Third, there will need to be a pay structure within the BBC which has broad consent and legitimacy within the BBC itself so that to staff the gap between senior executive pay and median pay is ‘felt-fair’ and proportionate. This was an issue which was also highlighted by the Work Foundation’s own Good Work Commission report published earlier this week. It argues that most employees respond positively to fairness and transparency in organisations and that, with only 4 in 10 British workers feeling that their bosses act with integrity much more needs to be done to rebuild trust in the leadership of many of our larger businesses and public institutions.
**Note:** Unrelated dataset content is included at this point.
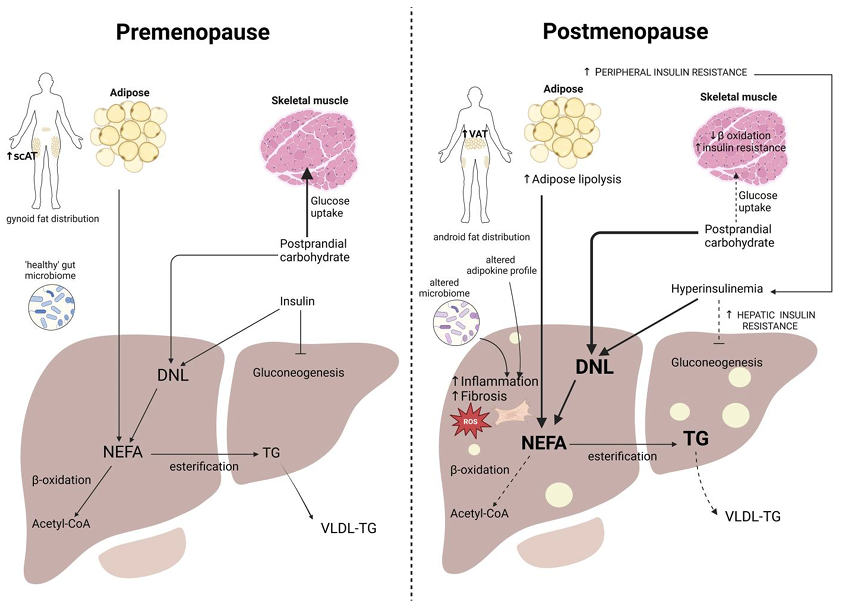Estrogen deficiency shifts fat from subcutaneous to visceral depots, drives hepatic and muscle insulin resistance, and promotes #MASLD via increased NEFAs, impaired β‑oxidation/VLDL export, upregulated DNL, inflammation, and fibrogenesis. #menopause
<a href="/EndoSocJournals/">Endocrine Society Journals</a>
Some of the coverage of Lord Patten’s Marr interview and his RTS lecture, while welcoming his intent, has made the mistake of perpetuating the myth that the Prime Minister’s salary (usually quoted as £142,500) should be used as a ‘benchmark’ against which all executive pay in the public sector should be compared. There are two main reasons why this position should be challenged. First, the Prime Minister’s base salary is actually £198,660 (Mr Cameron chose to take the lower figure) and the total PM ‘package’ – including living arrangements and allowances - is £581,651. Second, and more importantly, the PM’s salary has no relation to any real labour market. There is not a shortage of applicants and no job specification. PM pay is not objectively linked to the value of the job, nor to the need to recruit and retain individuals. It is not rational to use this figure as a guide and those who continue to quote it are either misguided or mischievous.

Interestingly, the BBC was explicitly excluded from the scope of the Fair Pay Review as it is not publicly funded in the same way as a local authority or government department. Nonetheless, it is firmly in the ‘public realm’ and it is right that its remuneration policy and practice should be subject to public scrutiny. The issues of fairness and transparency were given considerable emphasis in Will’s Review and he was especially keen to send a message to Remuneration Committees and Non-Executive Directors about the role they play in keeping executive pay proportionate.

Ultimately the BBC, other public bodies and – arguably – plcs are facing more fundamental questions of governance. Boards of Directors are being challenged to open up to scrutiny decision-making processes which have been shrouded in unnecessary secrecy for too long. Lord Patten’s bold move should be the first of many.

Comments in Chronological Order (Total 2 Comments)

Sam Roberts

07 Jul 2011 10:48AM

Good joke, good blog and good observations on the Prime Minister's salary as benchmark. I'm still of the view that tackling 'fat cat' pay in the public sector is skirting the very real and bigger issue (and bigger pay packets) in the private sector. This is where the most unjustified disparities exist between top and bottom and, therefore, the major root of 'unfairness' within society.

Nick Isles

11 Jul 2011 12:14PM

Sam is quite right to suggest the real problem emanates from the private sector. The High Pay Commission, to which I am an advisor, will make its final report in the autumn on ways and means to tackle top pay in the UK's big businesses. The recent Resolution Foundation work on who has been benefitiing from growth in recent years shows that those at the top of the income distribution have been taking a larger and larger share of the economic rent while ordinary workers wages stagnate. Something bold, brave and radical needs to be done to develop a more compassionate and fairer capitalism. This requires us to have a proper discussion about power and its distribution in organisations. This is what I, and others, hoped The Good Work Commission (GWC) (which I set up with Will in 2008) might begin to address. However last week's final report was a complete damp squib in that regard. It is clear that the radical agenda on work requires a strengthening of collective voice institutions particularly in the private sector and outing bosses who have eaten all the pies while sacking their workforces (banks, Murdoch etc etc). This is our challenge. If we fail to meet it life is going to get harder and harder for the vast majority of the UK's workforce.